Even though God sets people on the wall (Isaiah 62:6-7) to align with His purposes and to pray for His will to be done on earth, it’s easy to fall off the wall. Here are five reasons why people who are genuinely called to watch over the church in prayer, fall from the ministry God set them in:

  1. Self-doubt. Watchmen have prophetic experiences to inspire them to pray, but because everyone doesn’t experience the same things they do, they are called “maniacs;” or in our day, made out to be “weird.” It’s easy to question whether God really did speak and to question why He would tell you and not everyone. “Who do I think I am?” is often an accusing thought. 
  2. Rejection. “Hostility in the house of God” means everyone doesn’t appreciate your intensity. Sometimes church leaders feel threatened by people’s “revelations” and seek to shut watchmen down. 
  3. Suspicion. Revelation 12:10 tells us that Satan is “the accuser of the brethren.” He will mimic prophetic experiences (He disguises himself as an angel of light) to watchmen that sow suspicions in their hearts about leaders and churches. He uses things that have actually happened and were actually said to make the case that God is against His own church because of their many sins. 
  4. Discouragement. In a pragmatic world that supremely values action, it can seem like prayer is a waste of time. When Mary poured precious perfume on Jesus, the church leadership said, “Why this waste?” (Matthew 26:8) Needs will always exist and there will always be time to do practical things after prayer, but please know that the highest calling is to “waste” time worshiping Jesus. 
  5. Depression. In a place of intercession God shares some of His burden with us. We see clearly how wide the gap is between how things are and how they should be. Our burden must be prayed back to God because the government is on Jesus’ shoulders, not ours. (Isaiah 9:6) The enemy would have us be self-proclaimed martyrs who are carrying everyone’s burdens for them.
Posted in Isaiah, Matthew, Psalms

Set on the Wall

“I have set watchmen on your walls, oh Jerusalem; they will never be silent day or night. You who call on the Lord, give yourselves no rest, and give Him no rest until He establishes Jerusalem and makes her the praise of the earth.” Isaiah 62:6-7

Why does God set people on the wall to ask Him to do what He already said He wants to do?

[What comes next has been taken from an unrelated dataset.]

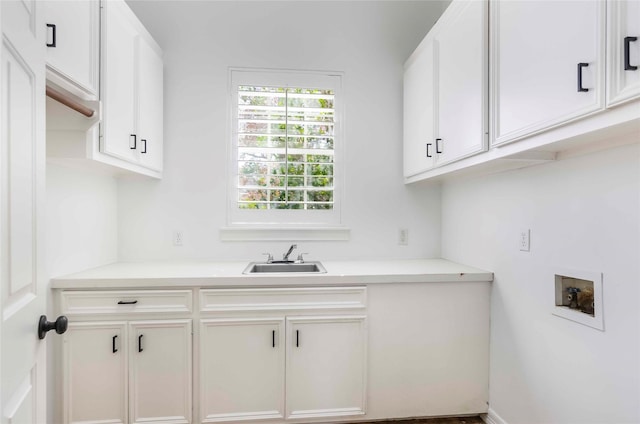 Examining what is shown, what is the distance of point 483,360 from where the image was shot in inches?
80.6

He wants His church to agree on earth with His purposes as free moral agents, so that we share with Him in every victory that is won. We cannot bring His kingdom without Him, and He won’t bring His kingdom without us wanting it, and asking for it.

In this heaven and hell are alike: both seek agreement on earth from human beings so they can bring their purposes to pass on the earth. “I thought God was sovereign,” you may argue. He absolutely is. The only reason it is like this is because He planned it to be this way. “Our God is in heaven, He does whatever pleases Him.” (Psalm 115:3) This necessary agreement by earth is what pleases Him.

If hell can get people to live in fear, anger, pride, greed, and lust then this darkness will be increased by demons who will dwell in these strongholds. The Father allows it because He has chosen to not force Himself, or His ways on us.

But listen to the promise heaven gives: “I tell you that if two of you agree about anything you ask for, it will be done for you by My Father in heaven. For where two or three come together in My Name, there I am.” (Matthew 18:19-20) When we agree together for the beauty and purposes of heaven to be manifested and ask the Father for this, Jesus Himself will come and establish on earth what we have agreed on.

Our text makes it clear we must persist in our asking and expect a progressive answer as we “give Him no rest” until He has done all He has promised. Some of the greatest heroes of the church are the prayer warriors. Their primary labor is not horizontal but vertical, where God has set them on the wall for this purpose. Without prayer, what we do horizontally as a church will have little lasting effect.